Eppure questo aspetto centrale era stato già sottolineato ed esplorato da Pasolini, Alain Badiou, Slavoj Žižek, Ward Blanton… L’idea cioè che potesse esistere nel Messia Gesù una nuova vita comune in cui fossero superate le divisioni etniche («non ci sono più ebrei né greci»), sociali («non ci sono più schiavi né liberi») e di genere («non c’è più maschio e femmina»), in cui la legge fosse negoziazione e in cui la libertà fosse distruzione della costrizione.

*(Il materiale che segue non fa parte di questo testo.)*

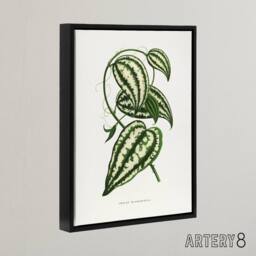 "Artery8 AF Lydon Benjamin Fawcett Smilax Macrophylla Vine Framed Canvas Art in White - Size: W12"" x H16""" - thumbnail 2
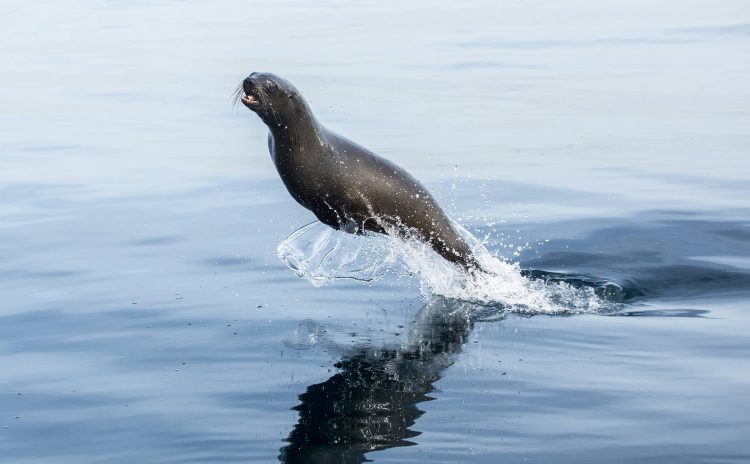 Lobo marino saltando del agua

L’impiego che Augias fa delle fonti è quanto meno problematico, come se l’uso degli Atti degli apostoli per la ricostruzione delle vicende di Paolo fosse esente da problemi e non risentisse invece (come è stato rilevato da molti studiosi) di una certa modalità edulcorata e irenica di mostrare Paolo come l’eroe della fede. La totale assenza di un linguaggio inclusivo è disarmante. Nel capitolo 8 (dall’inquietante titolo “Una storia d’amore”), si fa menzione di una donna, Lidia, che Paolo avrebbe incontrato a Filippi. La ricca e generosa Lidia è dipinta da Augias come «fervente e sensuale» e Paolo, subito prima, come un quarantenne «vigoroso». Il linguaggio ammiccante è solo apparentemente camuffato, visto che in fine capitolo Augias spera che tra i due, Paolo e Lidia, ci sia stato qualcosa in più che un semplice incontro, che Lidia lo abbia «sedotto in tutti i sensi», in modo tale da consentire a Paolo, sempre così teso, un po’ di relax. Meriterebbe scrivere un articolo di critica anche solo per queste considerazioni di segno marcatamente patriarcale.

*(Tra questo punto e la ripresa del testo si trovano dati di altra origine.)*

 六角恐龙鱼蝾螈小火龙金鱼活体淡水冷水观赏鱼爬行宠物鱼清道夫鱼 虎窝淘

UN’ULTIMA CONSIDERAZIONE riguarda l’importanza della divulgazione. Il mondo accademico è sempre più scollegato dalla società: a chi potrebbe interessare se un manipolo di studiosi fa ricerca su Paolo? La necessità invece da parte di chi svolge il lavoro accademico di ricollegarsi alla côté militante che sta nel dna della ricerca è urgente, come lo anche l’esigenza, da una parte, di mostrare a tutti che (nel caso specifico) Paolo ha molto da dire alla società odierna; dall’altra, di ridare dignità alla divulgazione, per contribuire infine all’abbattimento delle barriere elitarie, creare una società di condivisione del sapere e così realizzare nuove pratiche collettive che proprio il pensiero di Paolo potrebbe suggerire.